L’Oiseau bleu (Maeterlinck)/Acte 5

La bibliothèque libre.
Librairie Charpentier et Fasquelle (p. 142-168).

ACTE V


Tableau IX

L’ADIEU


La scène représente un mur percé d’une petite porte. C’est la pointe du jour.

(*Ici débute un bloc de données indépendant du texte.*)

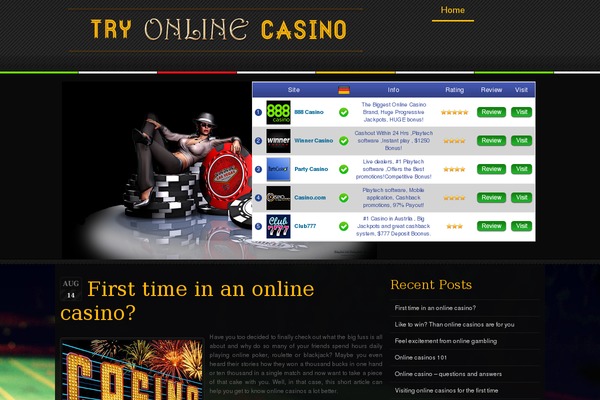tryonlinecasino.com site used Sleek-black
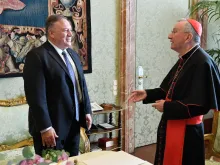 U.S Secretary of State Mike Pompeo meets Vatican Secretary of State Cardinal Pietro Parolin at the Vatican, Oct. 1, 2020. Photo 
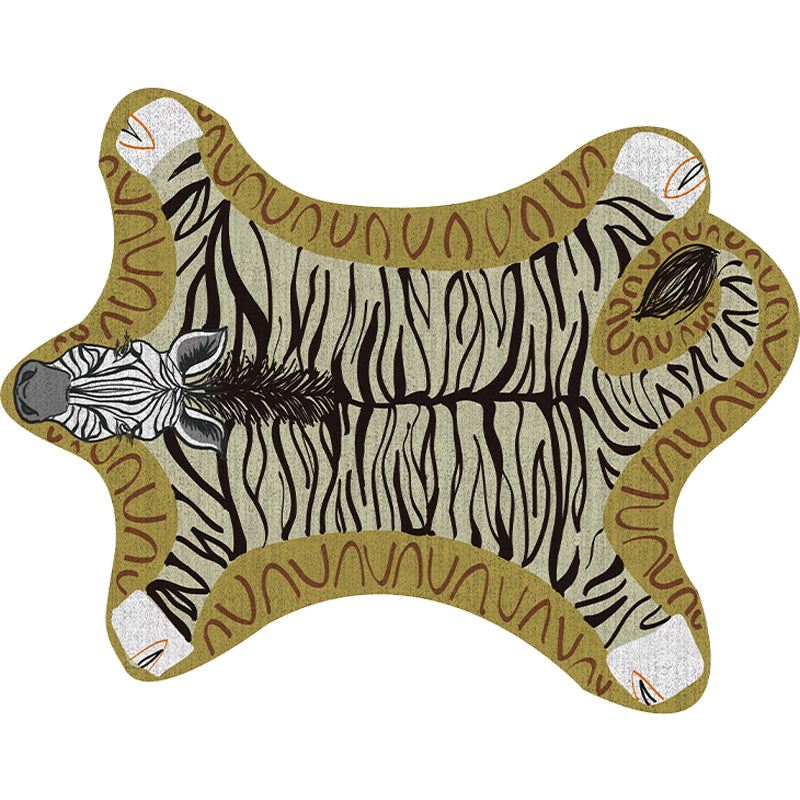 Unique Kids Irregular Rug in Yellow and Grey Animal Zebra Pattern Rug Polyester Washable Carpet for Child's Room Clearhalo 'Area Rug' 'Rug' 1716551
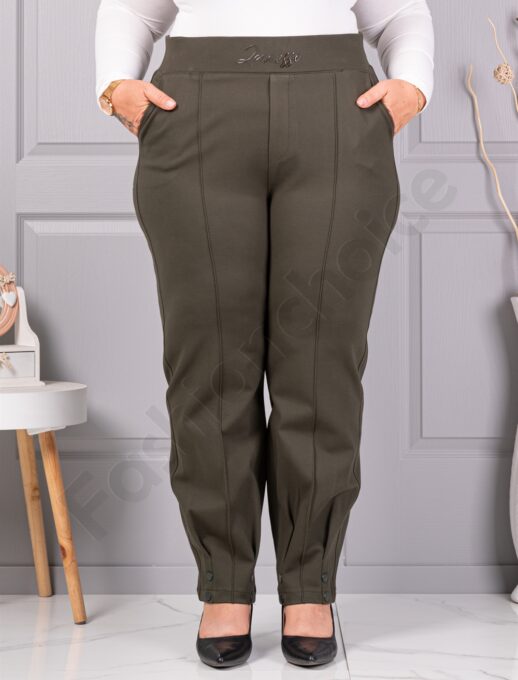 Plus size παντελόνι ψηλόμεσο με τσάκιση-χακί-κωδ 73205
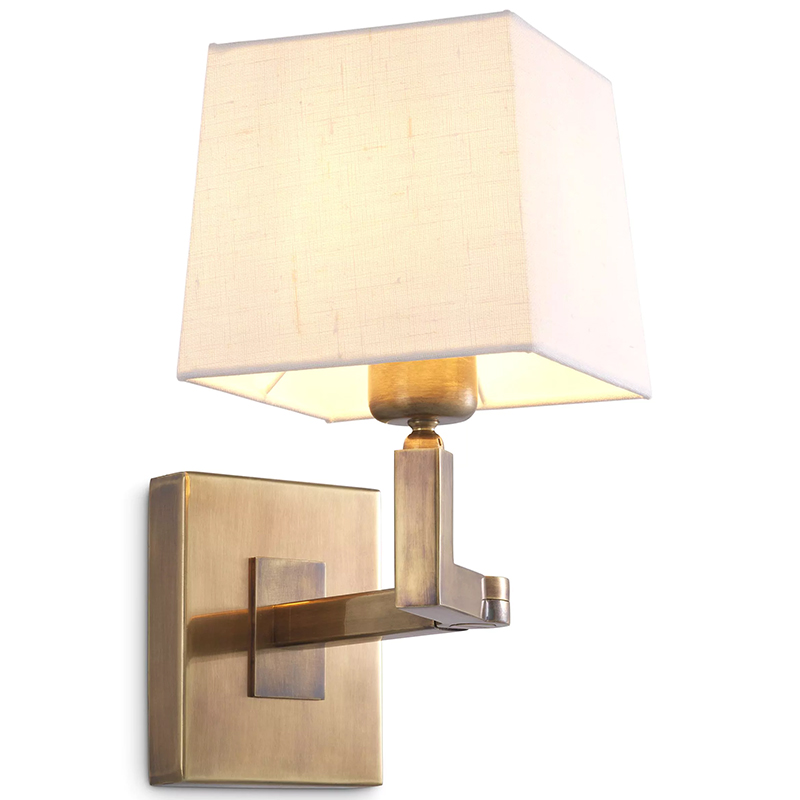 Бра Eichholtz Wall Lamp Cambell Brass Белый Винтажная латунь в Грозном | Loft Concept 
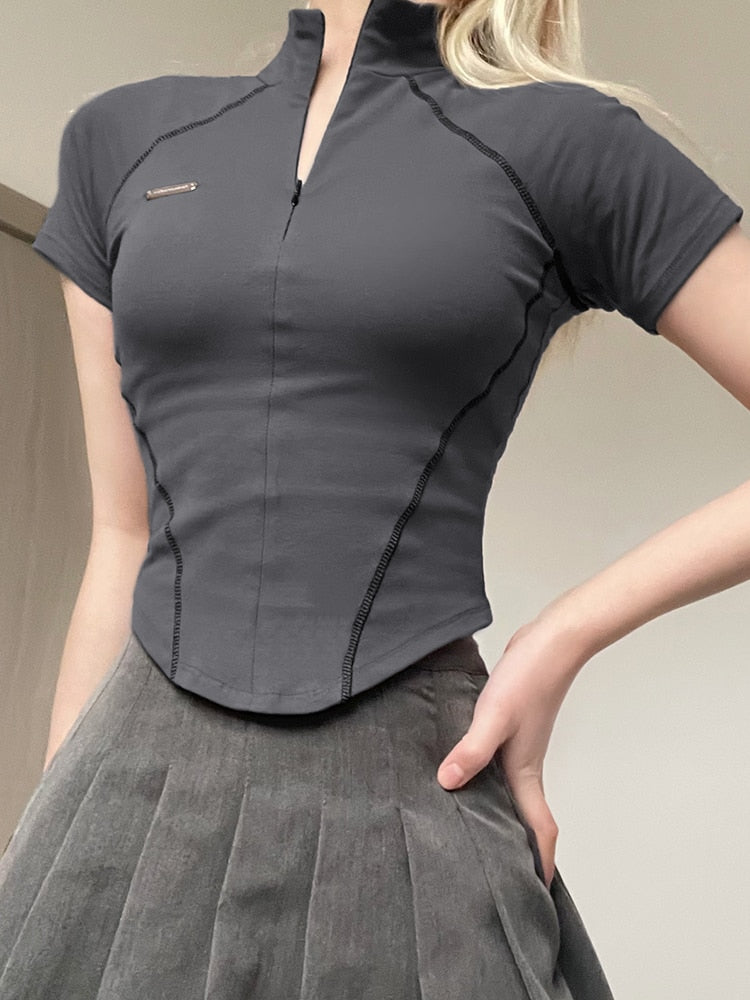 FitFlare Fashion Sports Blouse with Zipper
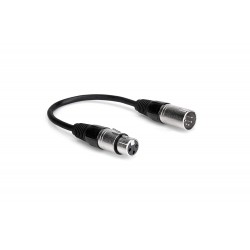 XLR5M to XLR3F DMX-512 Adaptor Cable, 6 Inch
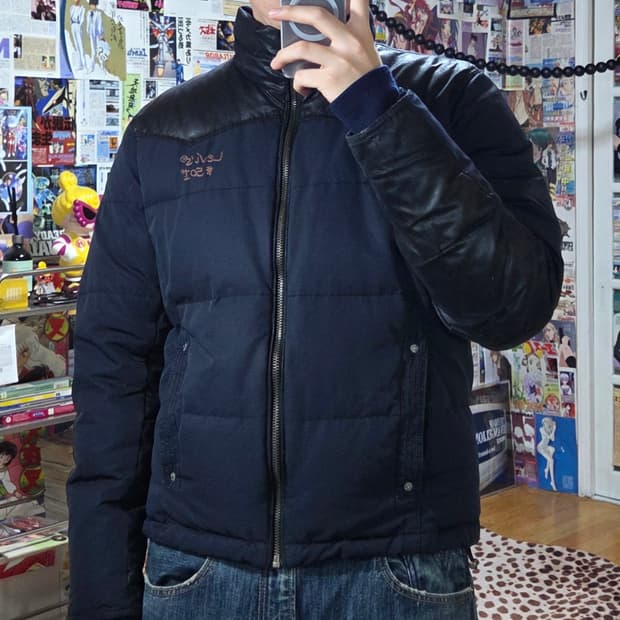 리바이스 501 덕다운 레더 패치 패딩 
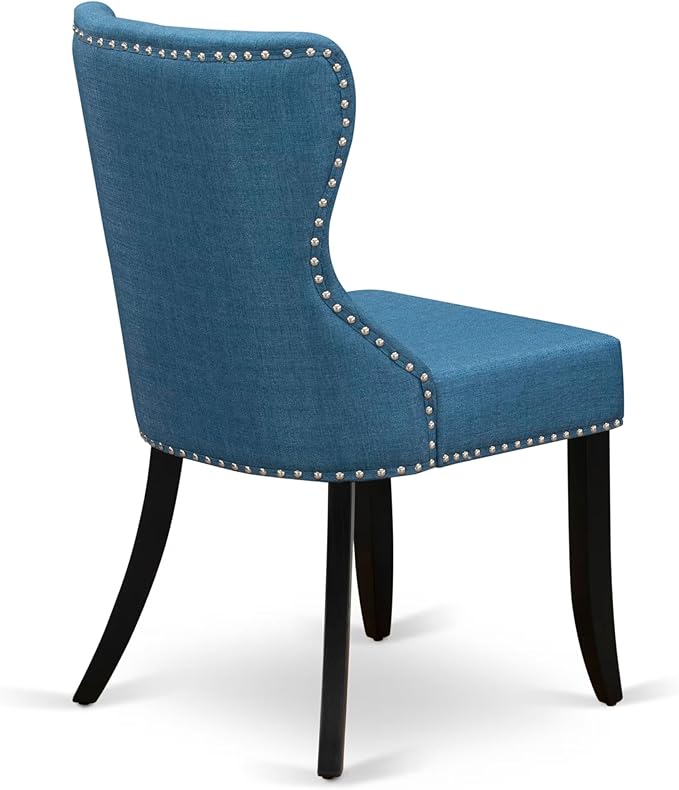 NKSI9-SBB-21-9-Piece Kitchen Table Set Consists of a Dinner Table and 8 Blue Linen Fabric Upholstered Chairs with Button Tufted Back - Sand Blasting Black Finish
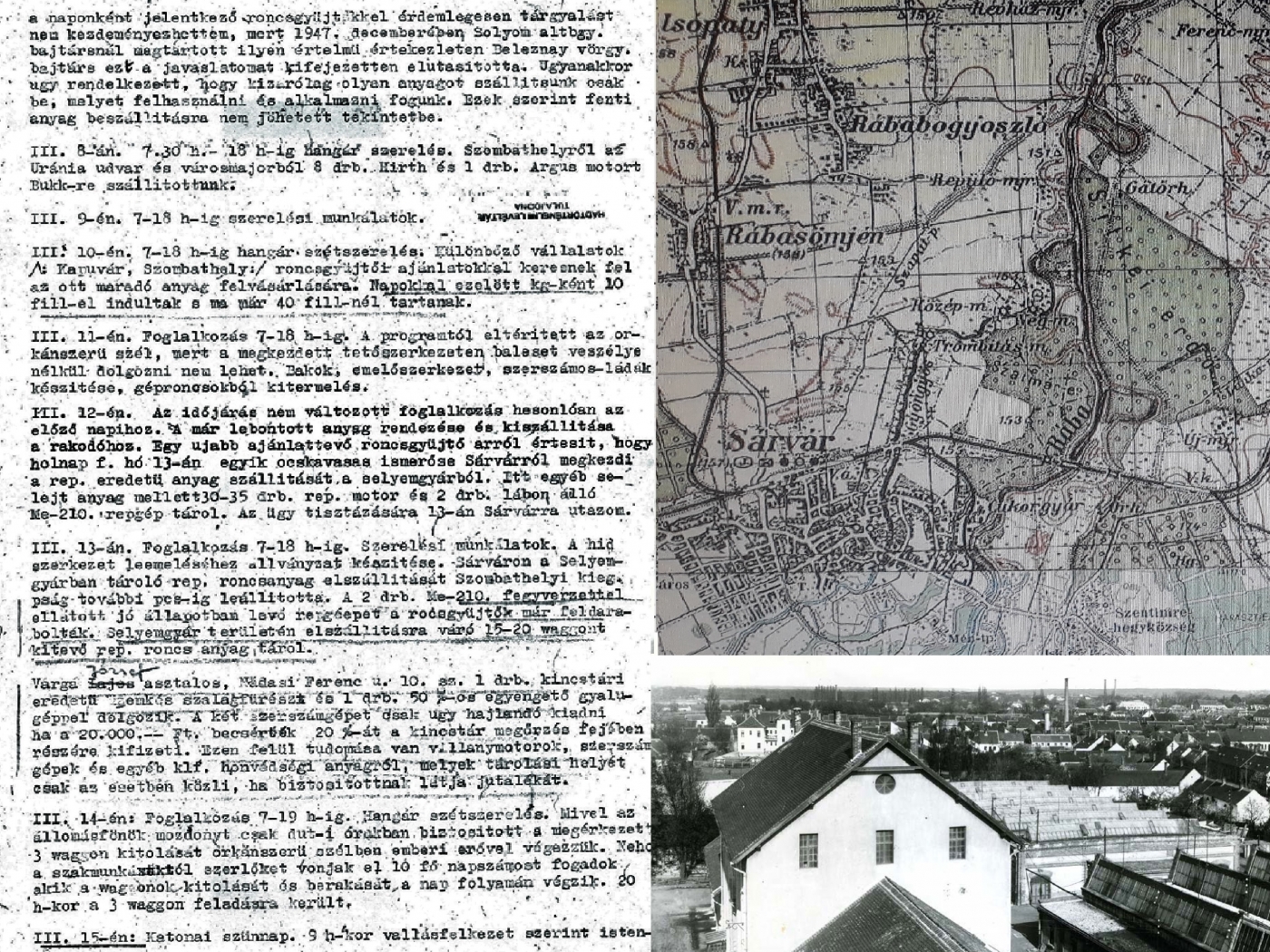 Repülőgéproncsok begyűjtése a II. világháború után - Sárvár Repülőgéproncsok begyűjtése a II. világháború után - Sárvár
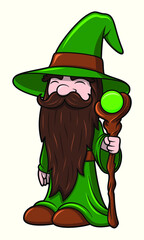 Old wizard cartoon illustration with long brown beard, green robe and hat, holding a wooden staff with light green orb. Nature forest mage character design or concept of fantasy person. Happy face.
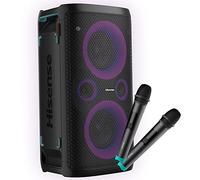 Hisense Party Storm 1, l'altoparlante Bluetooth con una potenza da 300W, woofer integrato, 2 microfoni wireless inclusi, Modalita' Karaoke, wireless charging pad integrato, ingresso e uscita AUX, USB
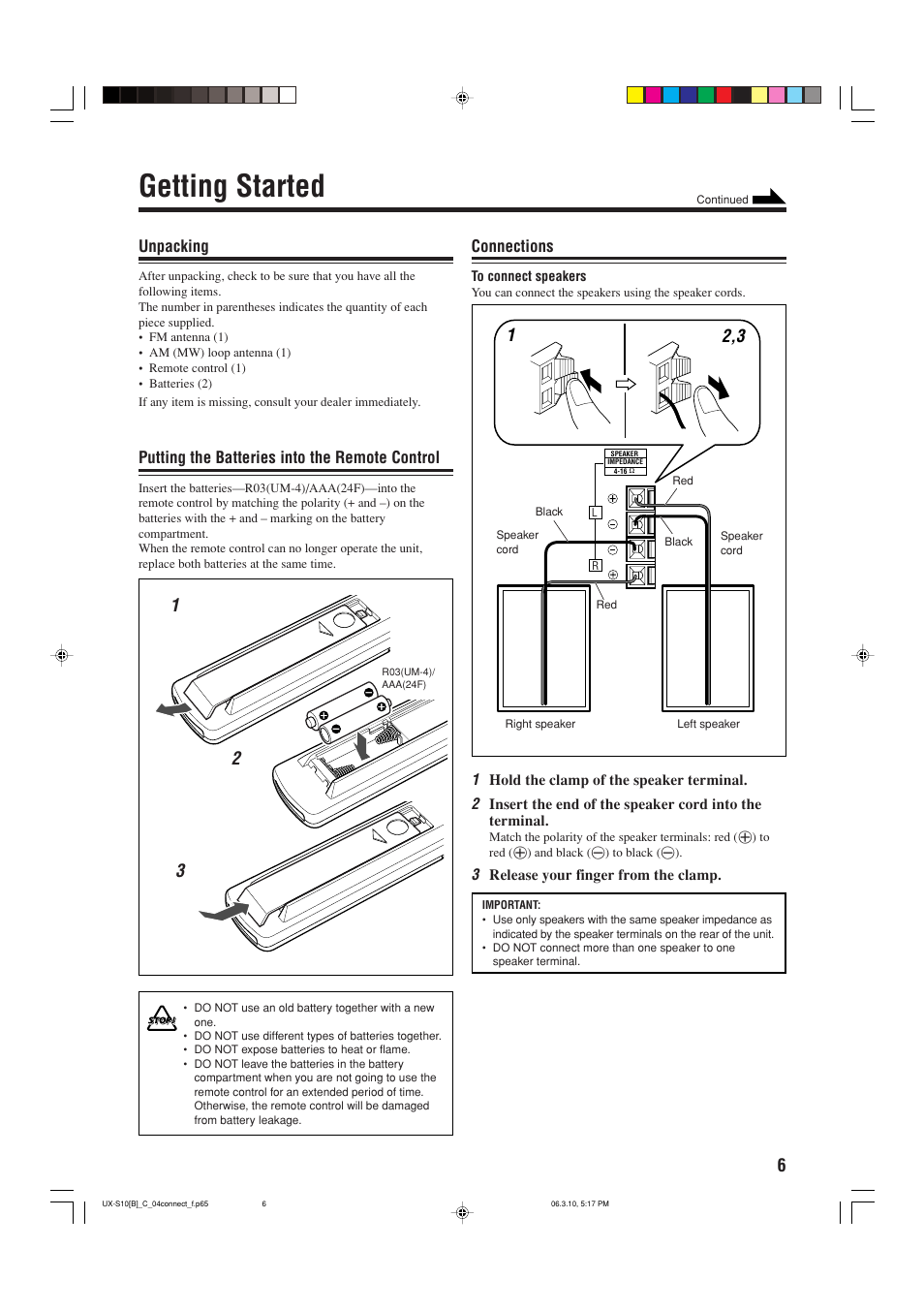 Getting started, Unpacking, Putting the batteries into the remote control | Connections | JVC Micro Component System UX-S10 User Manual | Page 9 / 28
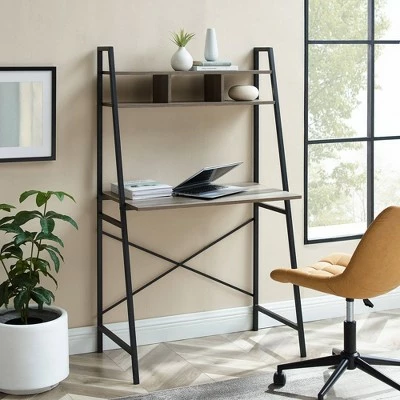Metal and Wood Tiered Ladder Writing Desk - Saracina Home Rustic Oak 3 Metal and Wood Tiered Ladder Writing Desk - Saracina Home Rustic Oak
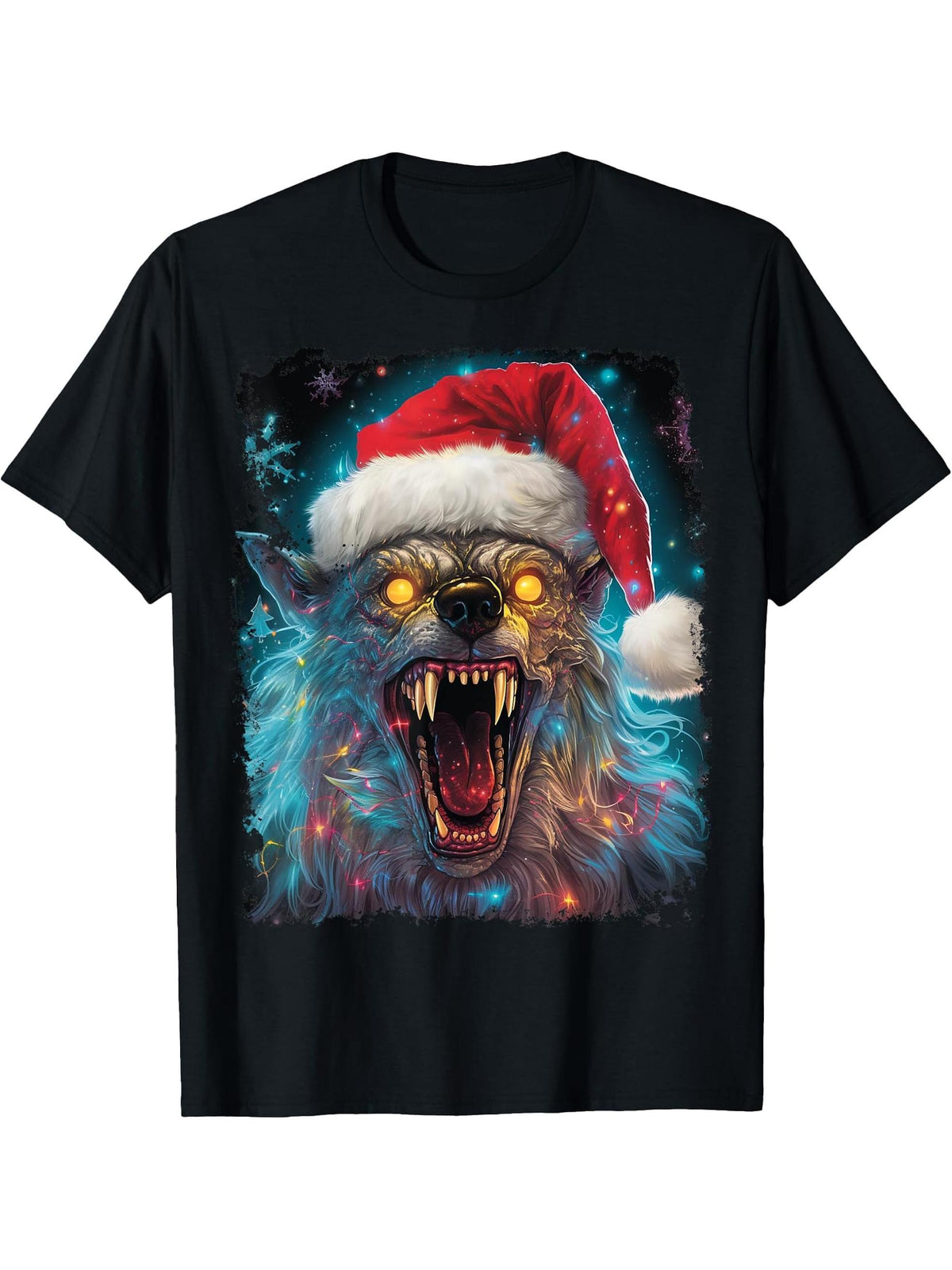 Xmas Werewolf Santa Claus Halloween Christmas T-Shirt 180G 100% Cotton Printed Round Neck Short-Sleeve T-Shirt, Gifts for Men Dad Husband Grandpa, S-XXXL, Black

(Entrent : Tyltyl, Mytyl, la Lumière, le Pain, le Sucre, le Feu et le Lait.)
LA LUMIÈRE

Tu ne devinerais jamais où nous sommes…

TYLTYL

Bien sûr que non, la Lumière, puisque je ne sais pas…

LA LUMIÈRE

Tu ne reconnais pas ce mur et cette petite porte ?…

TYLTYL

C’est un mur rouge et une petite porte verte…

LA LUMIÈRE

Et ça ne te rappelle rien ?…

TYLTYL

Ça me rappelle que le Temps nous a mis à la porte…

LA LUMIÈRE

Qu’on est bizarre quand on rêve… On ne reconnaît pas sa propre main…

TYLTYL

Qui est-ce qui rêve ?… Est-ce moi ?…

LA LUMIÈRE

C’est peut-être moi… Qu’en sait-on ?… En attendant, ce mur entoure une maison que tu as vue plus d’une fois depuis ta naissance…

TYLTYL

Une maison que j’ai vue plus d’une fois ?

LA LUMIÈRE

Mais oui, petit endormi !… C’est la maison que nous avons quittée un soir, il y a tout juste, jour pour jour, une année…

TYLTYL

Il y a tout juste une année ?… Mais alors ?…

LA LUMIÈRE

N’ouvre pas des yeux comme des grottes de saphir… C’est elle, c’est la bonne maison des parents…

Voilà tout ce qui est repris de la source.